Ma a detta dell’indagato la misura restrittiva era stata disposta pur in assenza di gravi indizi di colpevolezza a suo carico e comunque, sarebbe stata originata solo da un’iniziativa di tipo moralistico degli inquirenti, priva di fondamento giuridico.
Sulla vicenda si sono pronunciati anche i giudici della Cassazione che, a tal proposito, hanno ripercorso la l’evoluzione giurisprudenziale e normativa dell’istituto della riparazione per ingiusta detenzione.

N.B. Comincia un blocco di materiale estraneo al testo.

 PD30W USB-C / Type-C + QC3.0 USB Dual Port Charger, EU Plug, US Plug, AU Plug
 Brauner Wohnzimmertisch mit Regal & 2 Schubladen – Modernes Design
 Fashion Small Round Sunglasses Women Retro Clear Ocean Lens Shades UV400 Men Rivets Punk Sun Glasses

L’indennizzo in questione, – affermano – si risolve “nell’attribuzione di una somma di denaro a riparazione di un pregiudizio lecitamente (perché secondo legge) arrecato, in contrapposizione al risarcimento del danno sempre riferibile ad un fattore causale illecito” (Sez. U, n. 43 del 19/12/1995; Sez. U, n. 1 del 13/01/1995).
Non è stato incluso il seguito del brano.